[Stored items from a collection]
BEGIN
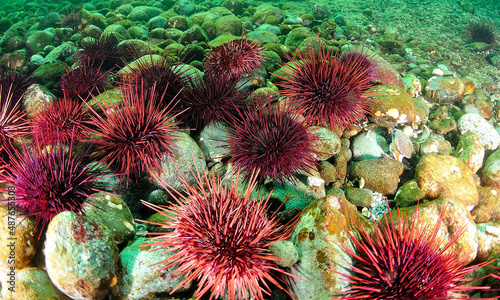 Red sea urchin group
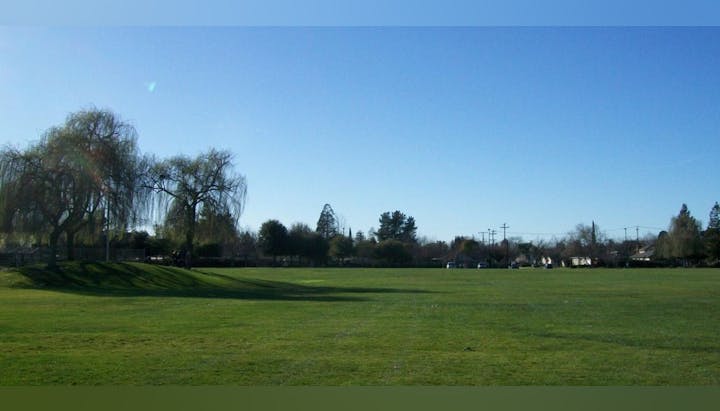 A grassy field with trees under a clear blue sky.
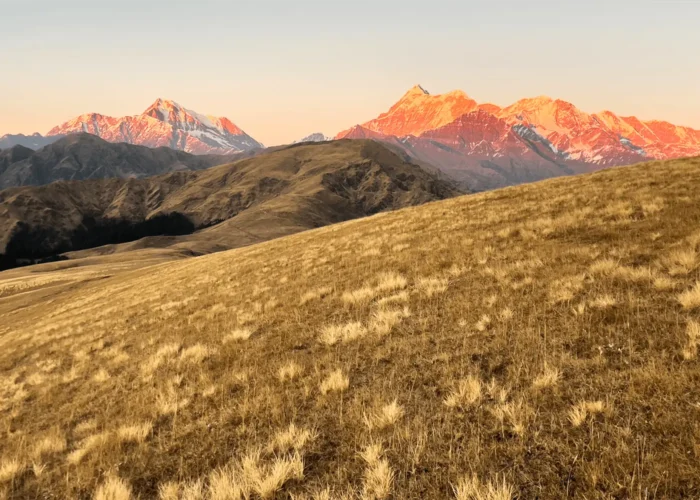 Lush green high altitude meadows with Mount Trishul and Mount Nanda Ghunti in the background during sunset in Uttarakhand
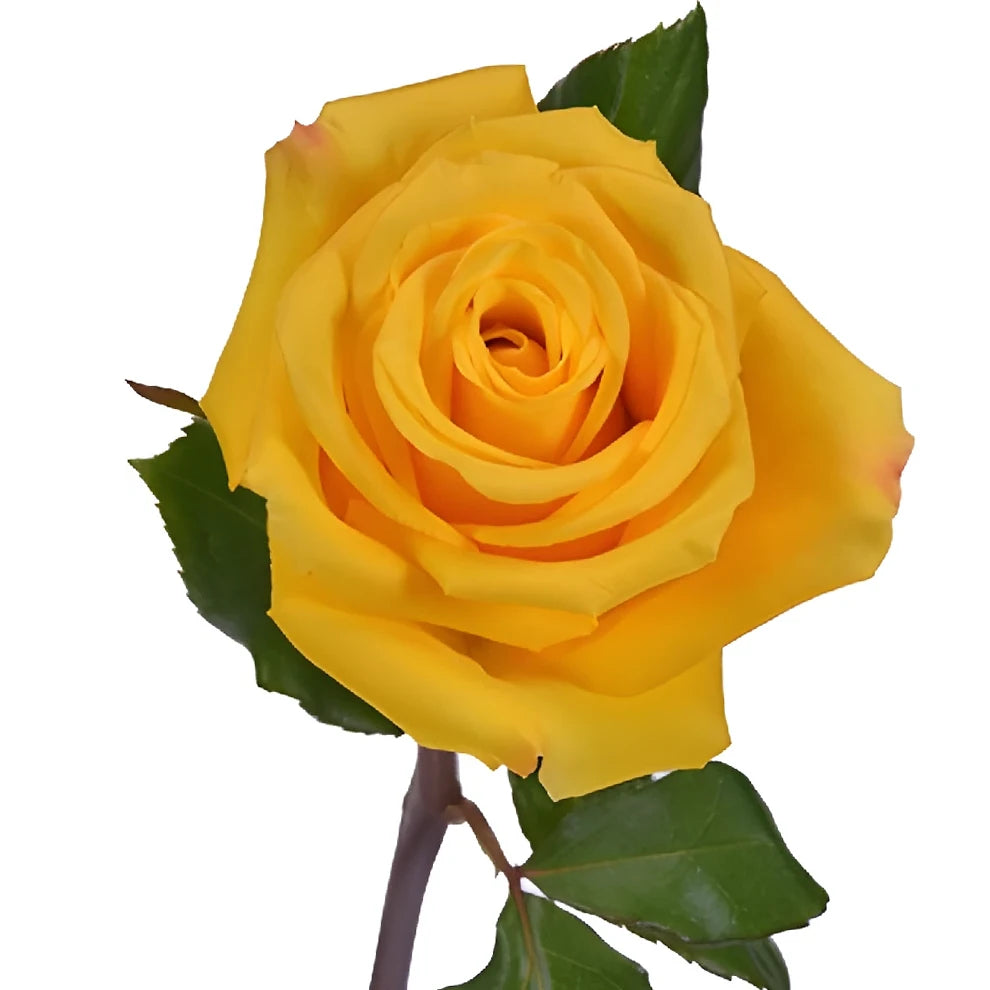 Yellow Lighthouse Roses Standard - main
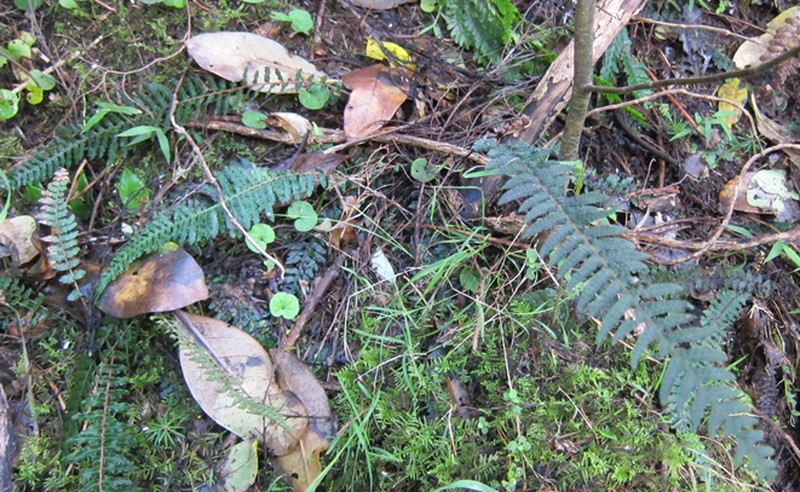 Blechnum parrisiae photo 7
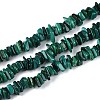 Natural Freshwater Shell Beads Strands SHEL-T020-41-1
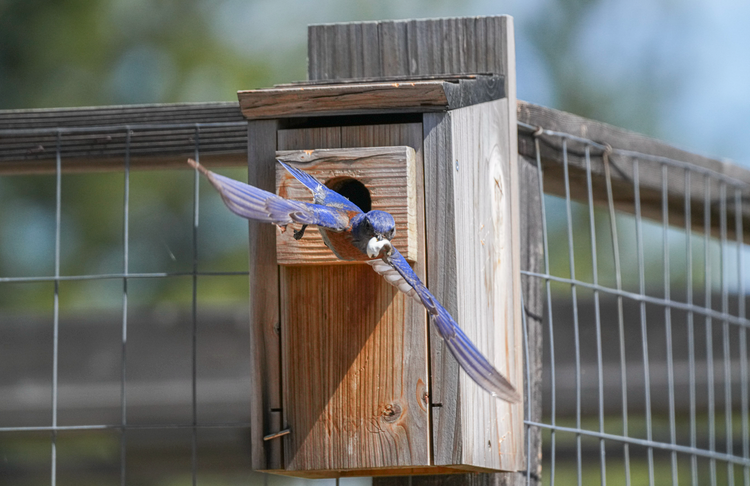 Nature's Original Diaper Service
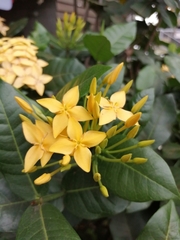 Ixora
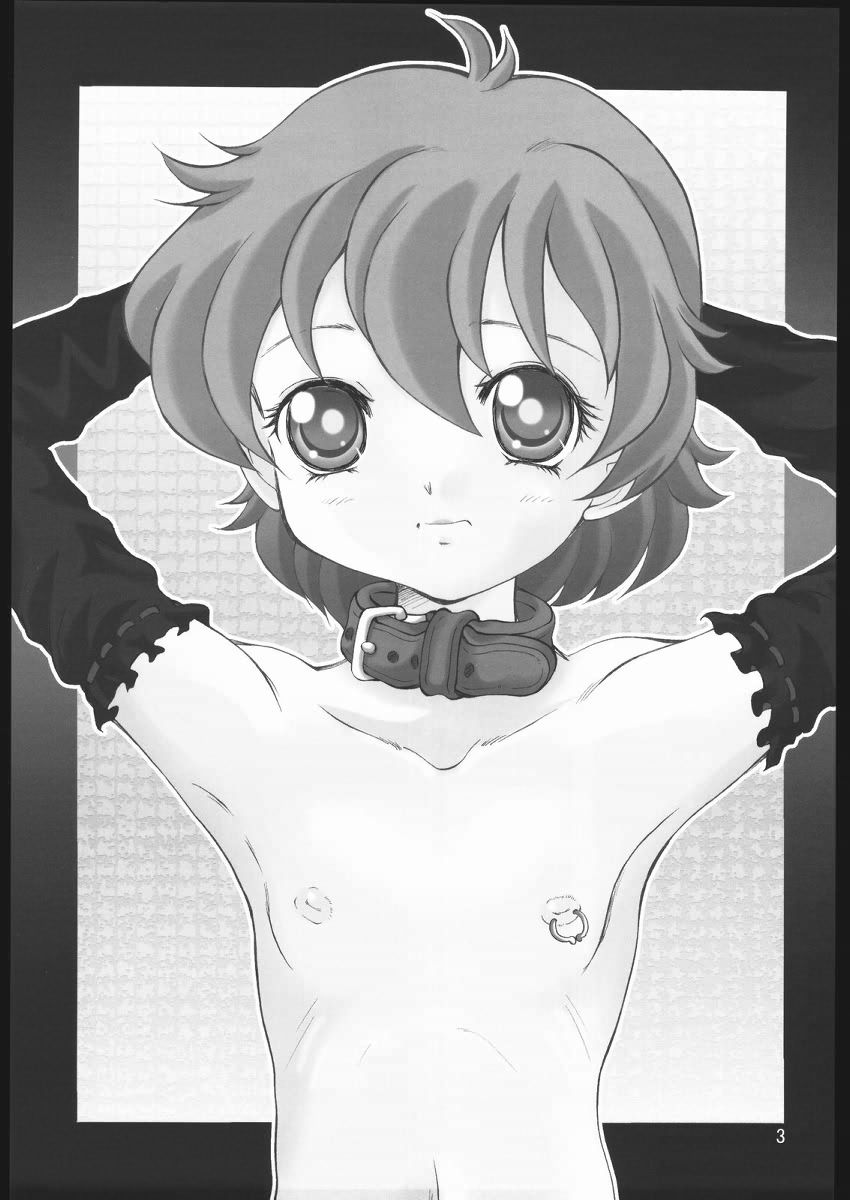 S-DOG FILE001 page 2 full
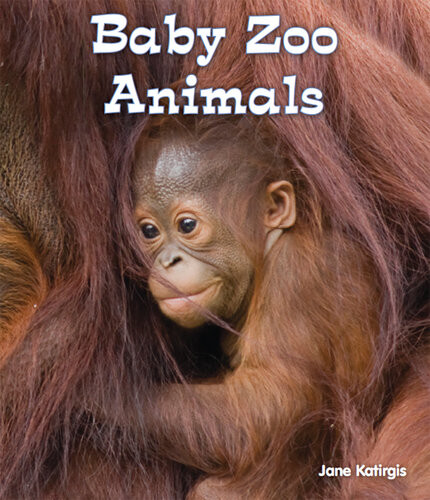 Baby Zoo Animals Jane Katirgis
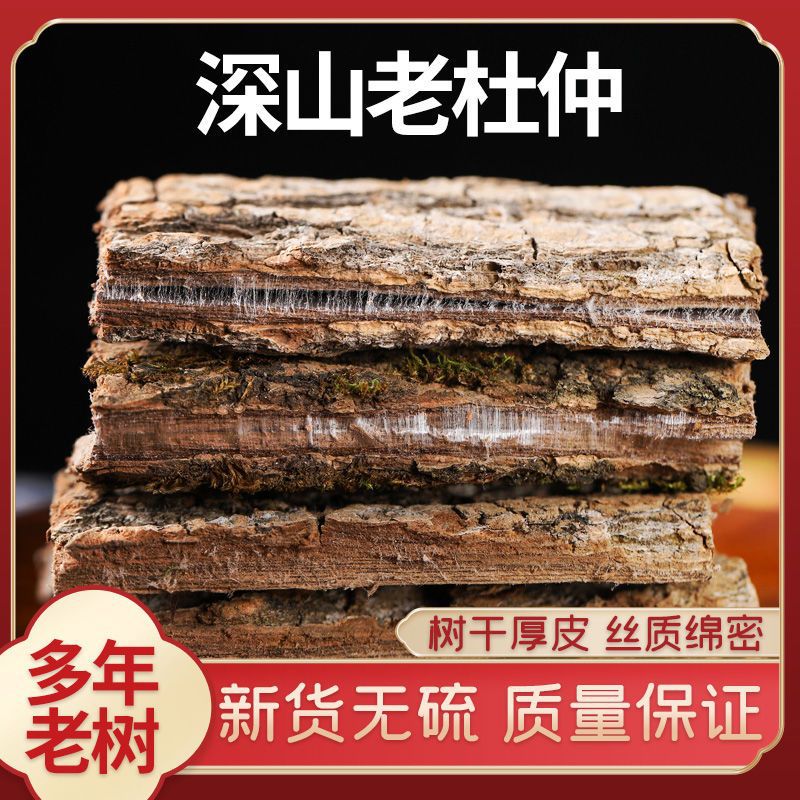 Аутентичные дикие эвкоммии, китайские лекарственные травы, роль эвкоммии, соленая эвкоммия, сычуаньская эвкоммия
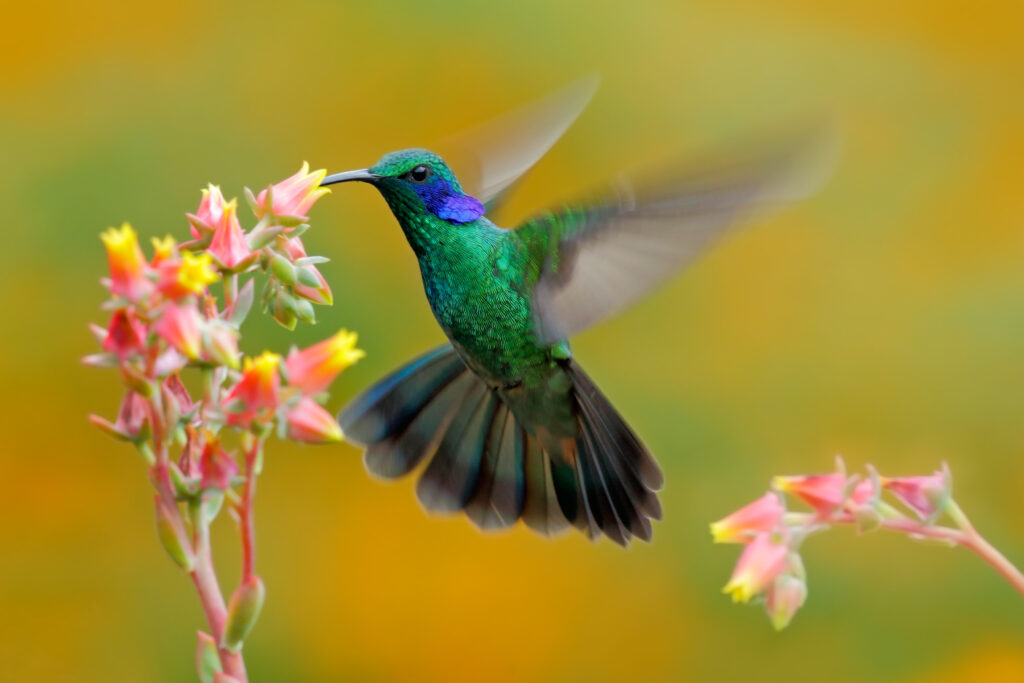 Hummingbird Pollinating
END
▸ EXERCISE OBJECTIVE: Give back, exactly and without pictures, the stretch of the records above from the line containing "Lush green high" through the line containing "Baby Zoo Animals Jane Katirgis", with both end lines included.

▸ REPLY:
 Lush green high altitude meadows with Mount Trishul and Mount Nanda Ghunti in the background during sunset in Uttarakhand
 Yellow Lighthouse Roses Standard - main
 Blechnum parrisiae photo 7
 Natural Freshwater Shell Beads Strands SHEL-T020-41-1
 Nature's Original Diaper Service
 Ixora
 S-DOG FILE001 page 2 full
 Baby Zoo Animals Jane Katirgis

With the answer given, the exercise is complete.